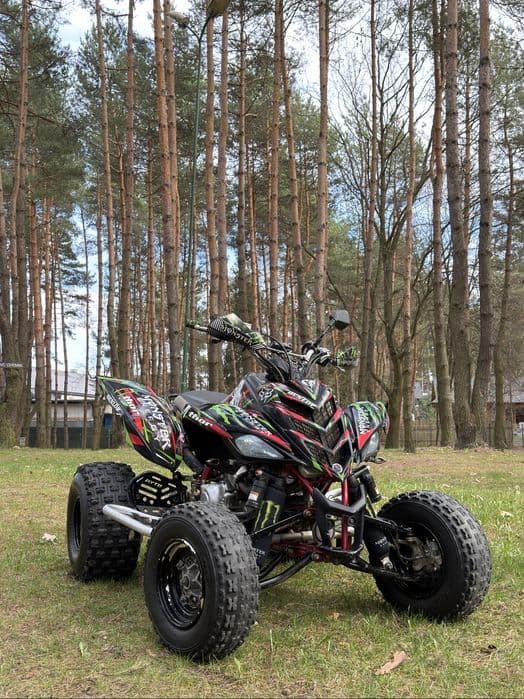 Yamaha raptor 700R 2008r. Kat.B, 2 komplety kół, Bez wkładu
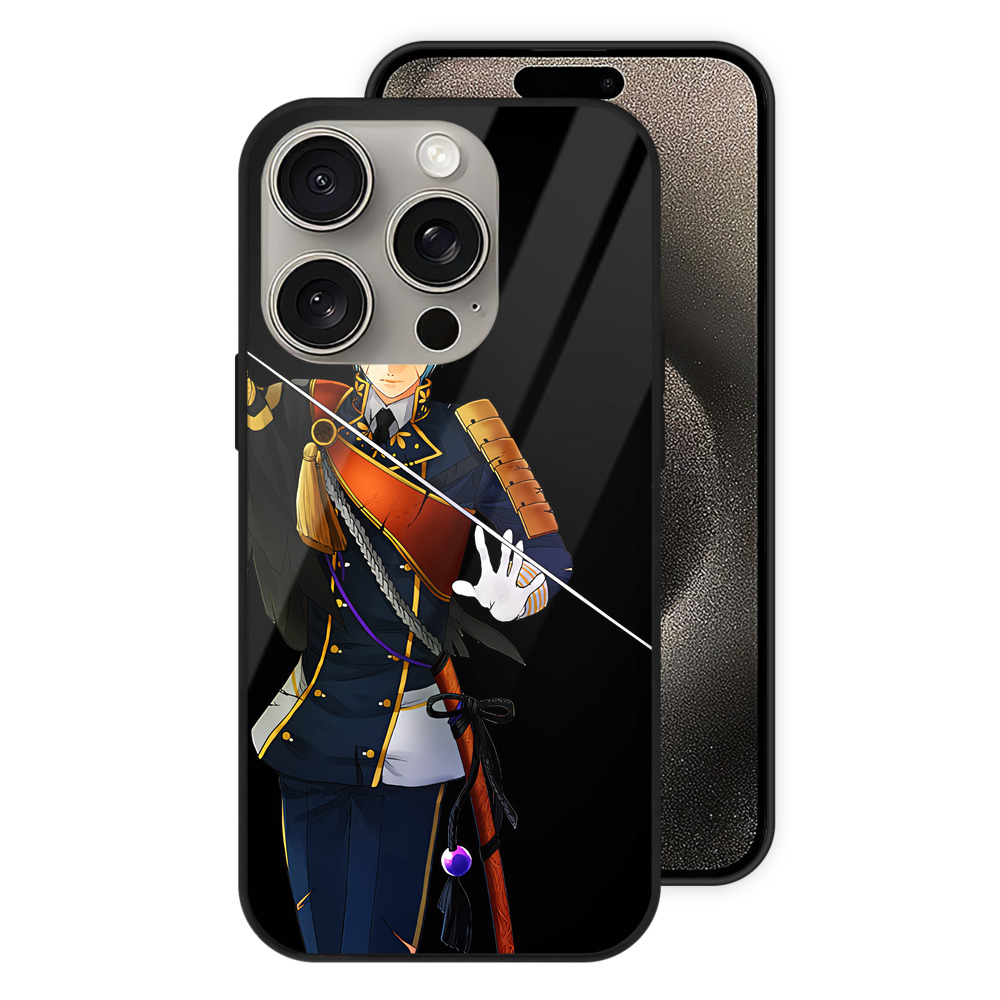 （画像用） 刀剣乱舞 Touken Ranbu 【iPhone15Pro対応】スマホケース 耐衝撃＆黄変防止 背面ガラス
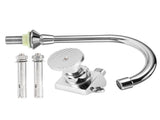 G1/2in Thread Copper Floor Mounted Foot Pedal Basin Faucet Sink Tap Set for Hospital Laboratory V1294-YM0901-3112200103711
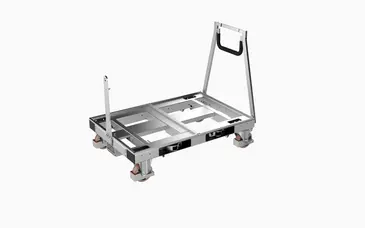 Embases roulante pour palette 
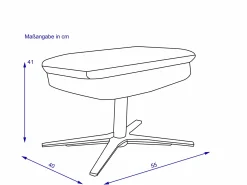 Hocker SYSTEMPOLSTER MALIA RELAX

......

Reproduce exactly the part of the records above that begins at the line holding "Ranbu 【iPhone15Pro対応】スマホケース 耐衝撃＆黄変防止 背面ガラス" and ends at the final line, both included, leaving out the pictures.

 （画像用） 刀剣乱舞 Touken Ranbu 【iPhone15Pro対応】スマホケース 耐衝撃＆黄変防止 背面ガラス
 G1/2in Thread Copper Floor Mounted Foot Pedal Basin Faucet Sink Tap Set for Hospital Laboratory V1294-YM0901-3112200103711
 Embases roulante pour palette 
 Hocker SYSTEMPOLSTER MALIA RELAX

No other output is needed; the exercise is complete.